3. Articuler subvention et autres dispositifs
Une PME peut combiner la Subvention Prévention des risques ergonomiques avec un contrat de prévention signé avec sa Carsat, à condition que les actions financées ne se chevauchent pas. Le cumul avec le crédit d’impôt formation du dirigeant est également possible pour la partie formation au rôle de référent. Cette architecture financière reste cependant rarement présentée de manière intégrée aux dirigeants, ce qui plaide pour un recours à un consultant indépendant ou à l’expert-comptable.
Les limites du dispositif que les chiffres ne disent pas
L’enthousiasme suscité par les 139,5 millions versés ne doit pas masquer plusieurs angles morts. D’abord, la subvention finance des solutions techniques, mais l’évidence scientifique sur l’efficacité de certains équipements reste discutée. Une étude de l’INRS publiée en 2023 sur les exosquelettes en milieu industriel concluait à des effets bénéfiques sur certaines tâches précises, mais à des effets neutres voire défavorables sur d’autres lorsque l’équipement était mal adapté au poste. Subventionner un mauvais équipement revient à financer un transfert de contrainte.
Ensuite, la logique de guichet privilégie les entreprises capables de monter des dossiers. Or les secteurs les plus exposés aux TMS — aide à domicile, agroalimentaire, BTP, propreté — concentrent les PME les moins dotées en compétences administratives. Un effet Mathieu est probable : l’aide va d’abord à ceux qui savent la demander.
Enfin, la prévention durable des risques ergonomiques relève autant de l’organisation du travail que de l’équipement. Réduire la cadence, alterner les tâches, repenser les flux de production : autant de leviers que la subvention finance plus difficilement, car ils ne se traduisent pas en lignes de devis.

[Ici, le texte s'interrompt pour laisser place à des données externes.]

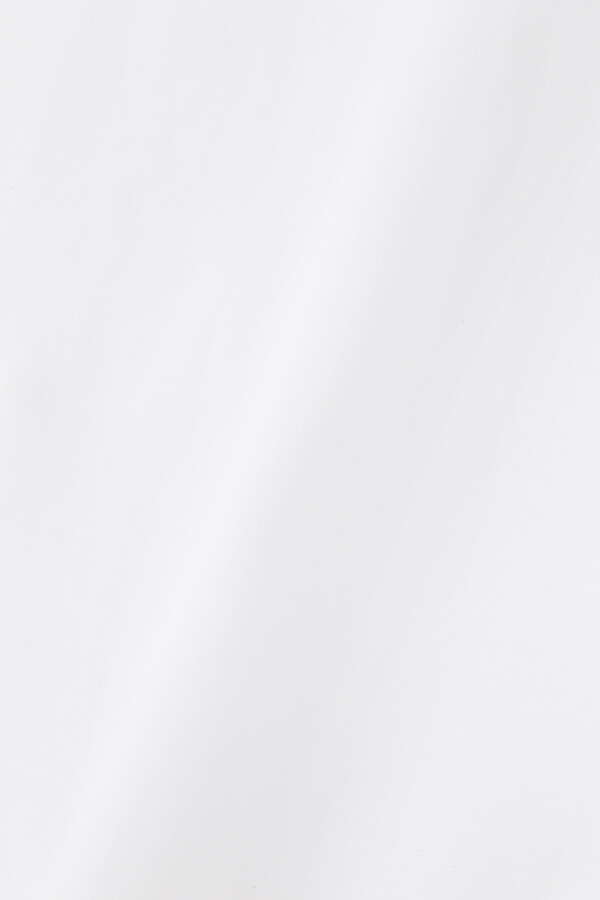 WOMEN’S Q82 CLASSIC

Une fenêtre étroite, un signal politique fort
Le Fipu court jusqu’en 2027. Les exercices 2026 et 2027 concentreront probablement la majorité des décaissements, à mesure que les Carsat affineront leur communication. Pour un dirigeant de PME confronté à un absentéisme lié aux TMS — premier poste de coût caché dans nombre de secteurs industriels et de services — la question n’est plus de savoir s’il faut investir dans la prévention ergonomique, mais à quel moment et avec quel cofinancement.
Reste une interrogation que les chiffres ne tranchent pas : la branche AT/MP saura-t-elle, d’ici fin 2027, démontrer que ces 139,5 millions d’euros annuels se traduisent en baisse mesurable des maladies professionnelles déclarées ? La réponse conditionnera la poursuite, ou non, de l’effort budgétaire au-delà du plan actuel.